Third-Party Data Is Now First-Class

Everybody should travel first-class some of the time.

Adrian Bridgwater

Data moves. When we create datum (singular) and eventually coalesce sets of information into the variously shaped datasets that we now send across the neural networked nodes of the web and the cloud, we push data down, across and through different transport mechanisms to use it in sources (applications, databases, web services, basically everything) that are distinctly different from where those first pieces of data were originated.

This is nothing new. We have been exchanging information across networks for considerably more than half a century.

But data sharing 1.0 was a comparatively conservative discipline i.e. we primarily connected to sources that fell inside the confines of the way software and hardware systems were architecturally designed from the outset and basically only really networked with ourselves. When we needed to download X from source Y, we connected in the prescribed way intended. It was very much a case of fitting plugs into known sockets and turning the power on.

Data sharing has left the building

Although those basic laws and principles of data connectivity remain, a more prolific data integration and sharing era has come about.

We now live in a time when data sharing has left the building. Enterprise organizations are now taking a much broader approach to data integration. Often making use of anonymized and obfuscated datasets that preserve the Personal Identifiable Information (PII) that would identify actual individuals, companies are exchanging datasets with a view to understanding the ‘shape’ of information values in order to be able to adapt to the known-knowns that other firms in the same market segment may have already experienced.

Suddenly now we get to a point where a company’s own information is of paramount importance, but we also reach a new level where third-party data is also massively valuable. This is the point at which third-party data has now become a first-class citizen in the information ecosystem that any business operates in.

If, for example, a bargain-price fashion brand starts trading in raincoats, then doesn’t it make sense if that business is able to view cost figures experienced by another firm in the same or similar trade? Shouldn’t oil & gas companies be able to see how employee work rosters are executed in other similar operations in other nations, even in competitors? The list of data-sharing examples (over and above these two very random ones) goes on and on.

How third-party data becomes first-class

There are now data exchange services that work rather like commodities exchanges to help organizations share data templates, architectures and shapes, but making third-party data first class is also happening at a core level in many enterprise technology platform vendors. So how does it all work?
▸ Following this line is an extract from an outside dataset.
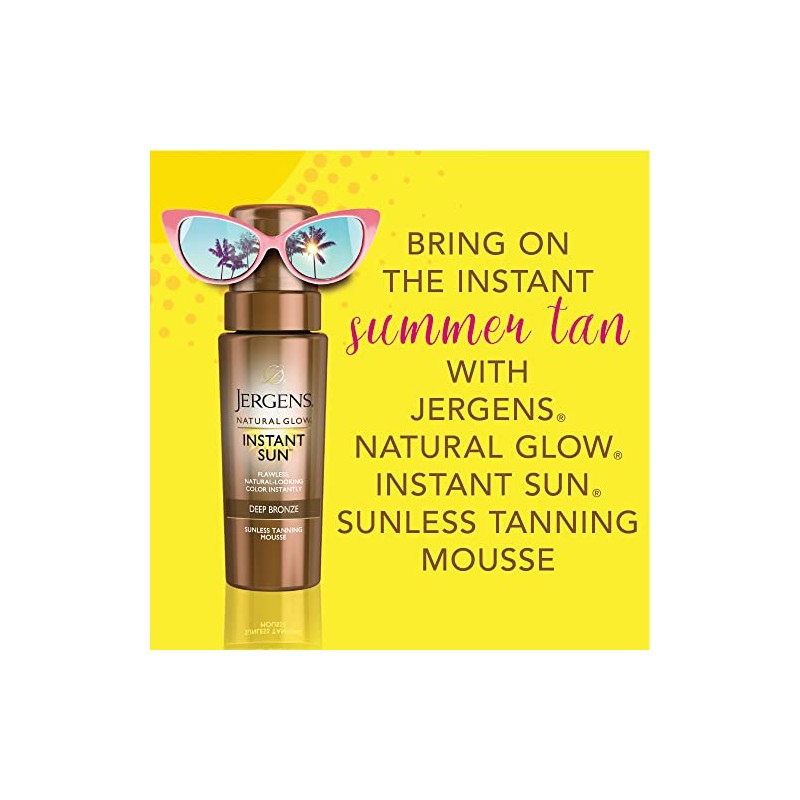 Jergens - Espuma bronceadora natural Glow Instant Sun sin sol,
“Organizations are realising the value of data collaboration as data becomes more readily available and plentiful,” said David Fisher, industry principal, media and entertainment EMEA at data cloud company Snowflake. “Rather than relying solely on their own data, entities are tapping into data that exists across the business ecosystem. This approach is opening doors for multiple parties to combine, collaborate and analyse data to deliver new business opportunities and enhanced customer experiences.

The birth of data clean rooms

To facilitate this growing trend, so-called ‘data clean rooms’ are becoming increasingly popular. Fisher describes these technologies as a means of allowing multiple organizations to join, come together and collaborate on data in a protected environment where participants are unable to see each other’s raw data. Sensitive data, such as PII, can be matched, but it is encrypted for each party. In a Snowflake data clean room, the data is not copied, moved, or shared, and analysis on large amounts of data can be carried out with high performance and scalability.

“Marketplaces are also driving the ability for organizations to combine first-party data with third-party data by enabling them to securely access and share data, data services and applications,” said Snowflake’s Fisher. “This insight can be brought directly into their own cloud data environment, reducing integration costs, delays and risks by eliminating the need for traditional ETL, API, or FTP processes. The impact of these technologies combined are changing the way organizations collaborate, analyse and derive insights from data, enabling them to unlock new opportunities for growth and success.”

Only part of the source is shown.